You probably remember the derivatives of $\sin (x)$, $x^{8}$, and $e^{x}$. But what about functions like $\sin (2x-1)$, $(3x^{2}-4x+1)^{8}$, or $e^{-x^{2}}$? How do we take the derivative of compositions of functions?
The Chain Rule allows us to use our knowledge of the derivatives of functions $f(x)$ and $g(x)$ to find the derivative of the composition $f(g(x))$:
Suppose a function $g(x)$ is differentiable at $x$ and $f(x)$ is differentiable at $g(x)$. Then the composition $f(g(x))$ is differentiable at $x$.
Letting $y=f(g(x))$ and $u=g(x)$, $$ \frac{dy}{dx}=\frac{dy}{du}\cdot\frac{du}{dx}. $$ Using alternative notation, \begin{eqnarray*} \frac{d}{dx}\left[ f(g(x)) \right] & = & f'(g(x))g'(x), \\ \frac{d}{dx}\left[ f(u) \right] & = & f'(u)\frac{du}{dx}. \end{eqnarray*}
The three formulations of the Chain Rule given here are identical in meaning.

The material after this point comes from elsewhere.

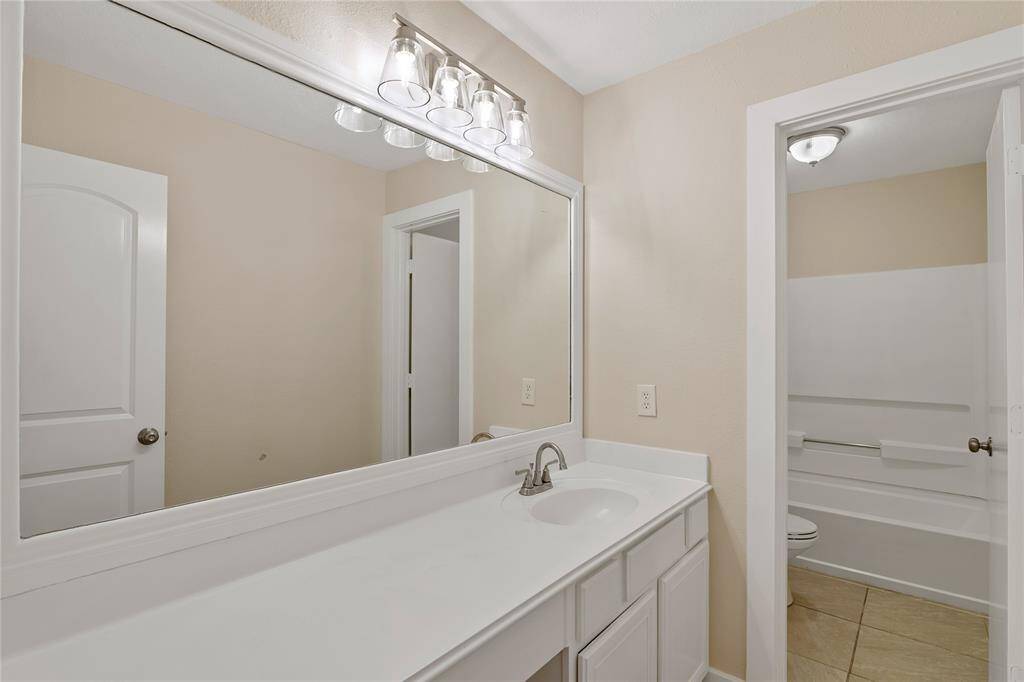This is a bright, modern bathroom featuring a large mirror, stylish lighting, and a white vanity with ample storage. It leads to a separate shower area, offering a clean and functional design.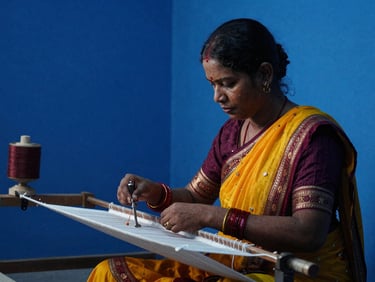 A cinematic shot of a cultural documentary film set in Bangladesh, dramatic key lighting showing traditional weavers at work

In words, the derivative of $f(g(x))$ is the derivative of $f$, evaluated at $g(x)$, multiplied by the derivative of $g(x)$.
Examples
- To differentiate $\sin (2x-1)$, we identify $u=2x-1$. Then
\begin{eqnarray*} \frac{d}{dx}\left[ \sin(2x-1)\right] & = & \frac{d}{du} \left[ \sin (u) \right] \cdot \frac{d}{dx} \left[ 2x-1 \right] \\ & = & \cos (u) \cdot 2 \\ & = & 2 \cos (2x-1). \end{eqnarray*}
\begin{eqnarray*} f(x) & = & \sin (x) \\ g(x) & = & 2x-1 \\ f(g(x)) & = & \sin (2x-1) \end{eqnarray*}
- To differentiate $\left( 3x^{2} – 4x + 1 \right)^{8}$, we
identify $u=3x^2-4x+1$. Then
\begin{eqnarray*} \frac{d}{dx} \left[\left( 3x^{2} – 4x + 1 \right)^{8}\right] & = & \frac{d}{du}\left[ u^8 \right] \cdot \frac{d}{dx}\left[ 3x^2-4x+1 \right] \\ & = & 8u^7 \cdot (6x-4) \\ & = & 8 (6x-4)\left( 3x^{2} – 4x + 1 \right)^{7}. \end{eqnarray*}
\begin{eqnarray*} f(x) & = & x^8 \\ g(x) & = & 3x^{2} – 4x + 1 \\ f(g(x)) & = & \left( 3x^{2} – 4x + 1 \right)^{8} \end{eqnarray*}
- To differentiate $e^{-x^{2}}$, we identify $u=-x^{2}$. Then
\begin{eqnarray*} \frac{d}{dx} \left[ e^{-x^{2}} \right] & = & \frac{d}{du}\left[ e^u \right] \cdot \frac{d}{dx}\left[ -x^2 \right] \\ & = & e^u \cdot (-2x) \\ & = & -2xe^{-x^2}. \end{eqnarray*}
\begin{eqnarray*} f(x) & = & e^x \\ g(x) & = & -x^2 \\ f(g(x)) & = & e^{-x^{2}} \end{eqnarray*}
Sometimes you will need to apply the Chain Rule several times in order to differentiate a function.
Example
We will differentiate $\sqrt{\sin^{2} (3x) + x}$. $$ \begin{array}{rclc} \frac{d}{dx}\left[ \sqrt{\sin^{2} (3x) + x}\right] & = & \frac{1}{2\sqrt{\sin^{2} (3x) + x}} \cdot \frac{d}{dx}\left[ \sin^{2} (3x) + x \right] & f(u) = \sqrt{u}\\ & = & \frac{1}{2\sqrt{\sin^{2} (3x) + x}} \cdot \left( 2 \sin (3x) \frac{d}{dx} \left[ \sin (3x) \right] + 1 \right) & \begin{array}{rcl} f(u) & = & u^2 \\ \frac{d}{dx} [x] & = & 1 \end{array} \\ & = & \frac{1}{2\sqrt{\sin^{2} (3x) + x}} \cdot \left( 2 \sin (3x) \cos (3x) \frac{d}{dx} [3x] + 1 \right) & f(u) = \sin (u) \\ & = & \frac{1}{2\sqrt{\sin^{2} (3x) + x}} \cdot \left( 2 \sin (3x) \cos (3x) \cdot 3 + 1 \right) \\ & = & \displaystyle\frac{6 \sin (3x) \cos (3x) + 1}{2\sqrt{\sin^{2} (3x) + x}} \end{array} $$
Key Concepts
Let $g(x)$ be differentiable at $x$ and $f(x)$ be differentiable at
$f(g(x))$. Then, if $y=f(g(x))$ and $u=g(x)$,
$$
\frac{dy}{dx} = \frac{dy}{du}\cdot\frac{du}{dx}.
$$